Isso é extremamente simples e, ao mesmo tempo, muito difícil de explicar e ainda mais difícil de ensinar. Mas é o trabalho de vida do maior cineasta vivo e um dos maiores inventores da história do cinema. De um dos maiores escritores de prosa e diretores de ópera vivos. Herzog odeia ser chamado de artista ("eu sou um soldado”) e há algo muito precioso nessa negação: o que importa é o procedimento. Como você se comporta neste mundo, como opera dentro dele e trabalha com ele. Você pode vender e comprar "arte". Pode inclusive vender e comprar filmes. O que não se vende nem se compra? Algo que está muito acima das representações e, especialmente, acima dos fatos: a verdade.
E, para Herzog, esse verdade não se encontra nos aspectos literais da realidade, no mero factual. O que ele chama de “verdade extática” existe através da arte narrativa, do cinema, da música, da imagem. Não se trata de pós-verdade, como alguns podem ler em tempos de fake news. Muito pelo contrário: a verdade extática propõe a revelação de uma realidade que está além do que se vê e se mede, uma verdade que se encontra na transcendência e no sublime, e que nos oferece uma compreensão mais profunda da condição humana e da natureza – dos colonizadores espanhóis e dos pinguins.
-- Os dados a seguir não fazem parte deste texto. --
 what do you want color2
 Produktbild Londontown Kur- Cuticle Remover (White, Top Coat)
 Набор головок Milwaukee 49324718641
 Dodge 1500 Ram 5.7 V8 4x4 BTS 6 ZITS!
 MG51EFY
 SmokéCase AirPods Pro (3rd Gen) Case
Talvez por isso Herzog tenha tanta raiva de qualquer coisa “new age” – era engraçado vê-lo reagir aos curtas-metragens feitos com a participação de um pobre xamã na oficina. Se gurus esotéricos costumam buscar algum tipo de harmonia interior, uma integração pacífica com o cosmos, a verdade extática vai na direção contrária. Ela nos desafia com outro tipo de vertigem: observar e reconhecer o caos imanente que nos cerca, a nossa insignificância na imensidão da natureza e do universo, as nossas contradições mais íntimas. O êxtase aqui não é curativo, mas desestruturante.
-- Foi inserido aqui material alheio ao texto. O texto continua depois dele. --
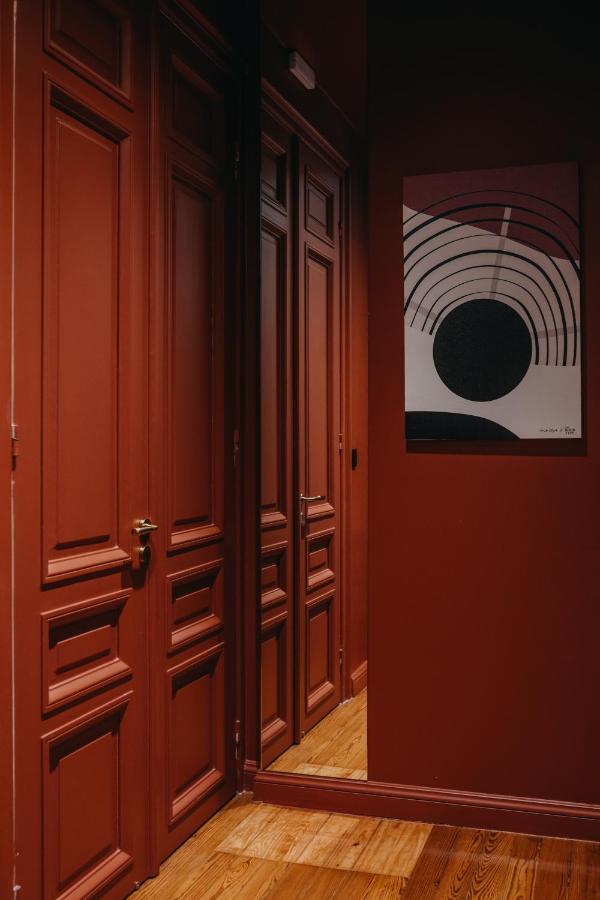 The Bold Type Hotel, A Member Of Design Hotels Patras Bagian luar foto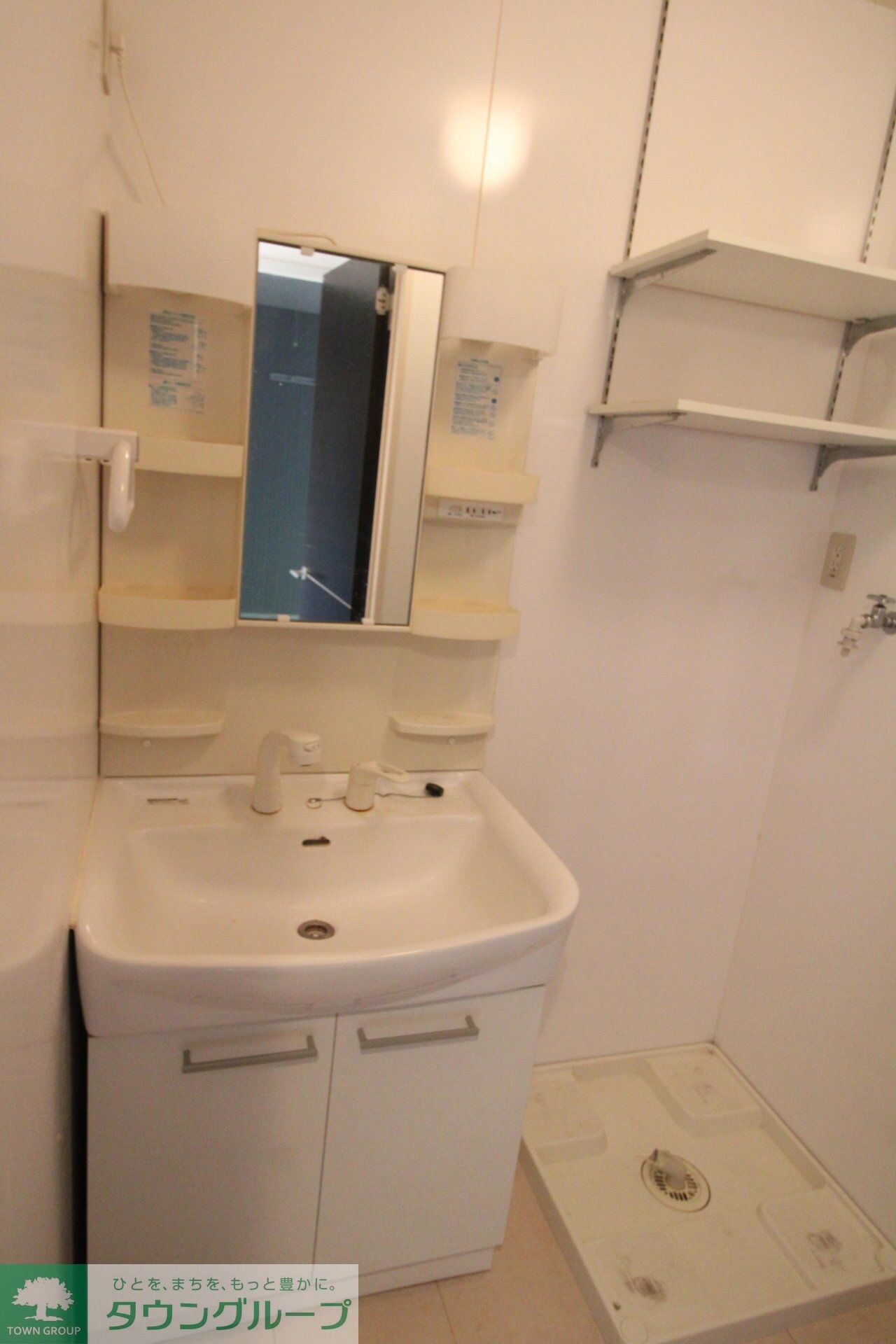 ベアーバレイコートの物件内観写真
Foi espetacular observar como essa quebra de estrutura que está na raiz do trabalho do Herzog não é apenas simbólica, mas se traduz nos métodos de produção que ele apresenta, e que foram utilizados por alguns dos participantes da oficina. Mas sobre isso ainda escreverei mais pra frente.
TURMA NOVA OFICINA
Enquanto não consigo parar para criar um módulo II da oficina que comecei a oferecer lá em 2021, décadas atrás, em tempos ainda de confinamento, sigo melhorando e ampliando esse primeiro módulo, agora reforçado com algumas anedotas e histórias recentes dessa oficina do Herzog. Nesse post há mais informações:
2025
Já tenho um convite confirmado para 2025. Essa mesa no SXSW, em Austin, Texas:
Vamos falar muito sobre o trabalho fundamental da Media Defence, a ONG inglesa que salvou meu pescoço bancando uma defesa tão complicada que nem a defensoria pública aceitou pegar, pois não teria como chegar em todas as pequenas cidades onde fui processado. Falaremos também sobre o novo entendimento do STF sobre assédio jurídico, baseado no meu caso.
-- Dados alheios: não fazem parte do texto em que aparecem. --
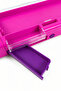 Multifunctional 6-Compartment Pencil Case with Hidden Compartment 25cm with Compass Vd048 - 6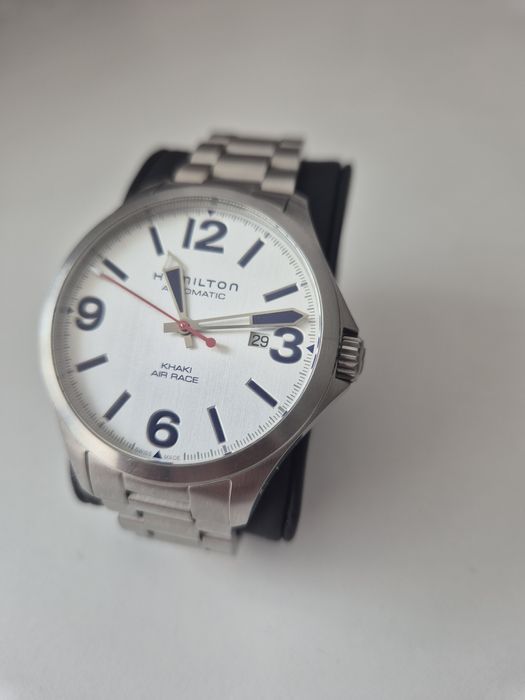 Zegarek Hamilton Khaki Aviation Air Race (ref. H76525151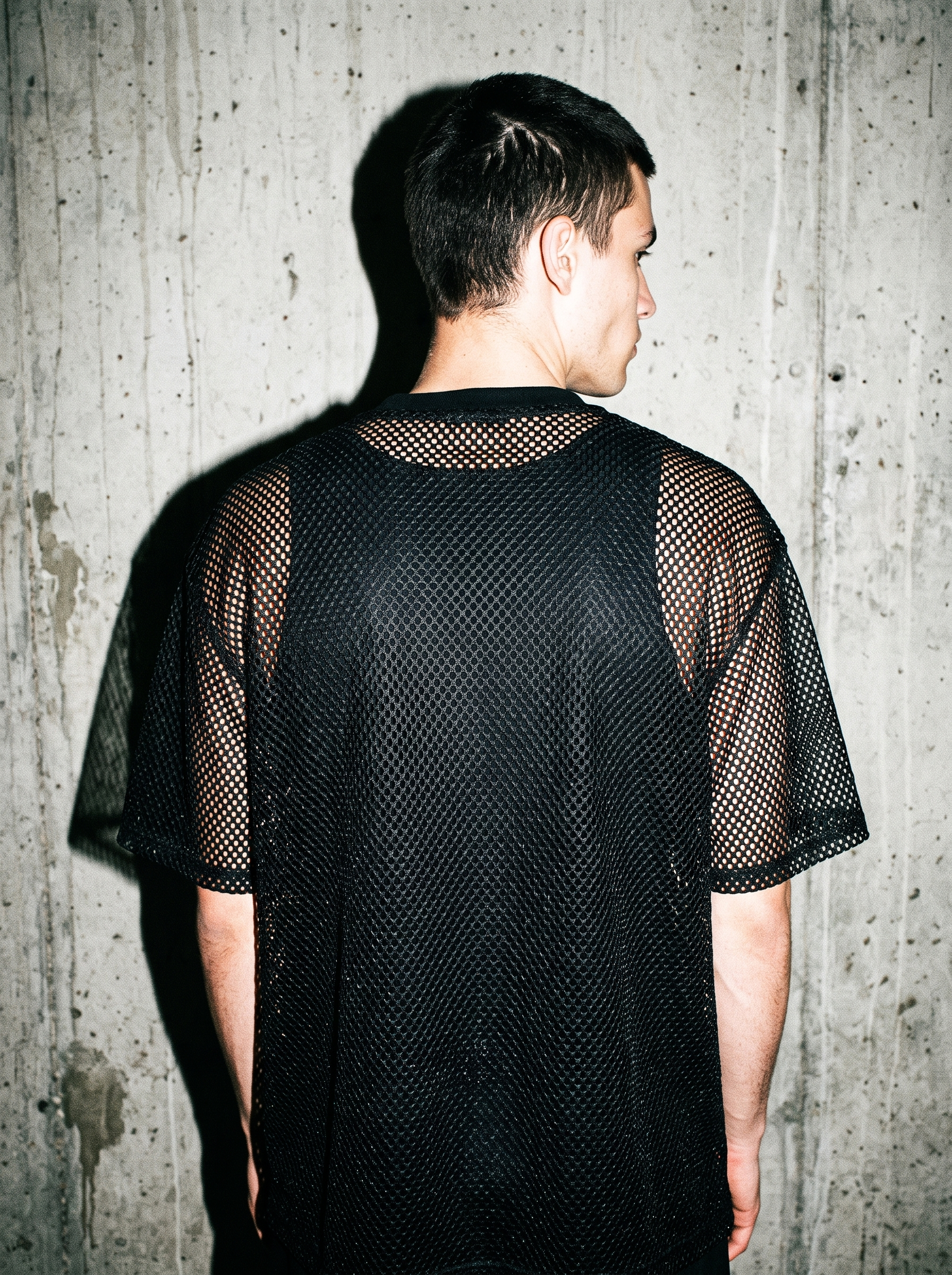 Mesh, view 6 of 6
Mas estou especialmente animado porque pretendo usar a oportunidade para exibir um teaser do meu segundo longa-metragem, um road movie que tem como ponto de partida a história dos 144 processos. Comecei a rodar no 7 de setembro de 2022, em Copacabana, no meio da micareta neo-fascista promovida por Bolsonaro, e depois viajei pelos cinco cantos do país procurando alguns dos pastores que me processaram - conversando com muitas outras pessoas evangélicas pelo caminho. Estamos nos finalmentes do processo de edição e, se tudo der certo, em 2025 esse filme profundamente religioso, íntimo, colorido e musical começará a existir em público. Vai ser uma doideira doida.
Enquanto isso, eu trabalho no livro que vai sair depois. Conectado ao filme, mas que conta outra parte da história. E escrever esse romance acaba tendo muito a ver com o que Herzog fala quando fala de verdade: às vezes, para chegar a ela, precisamos recorrer à ficção.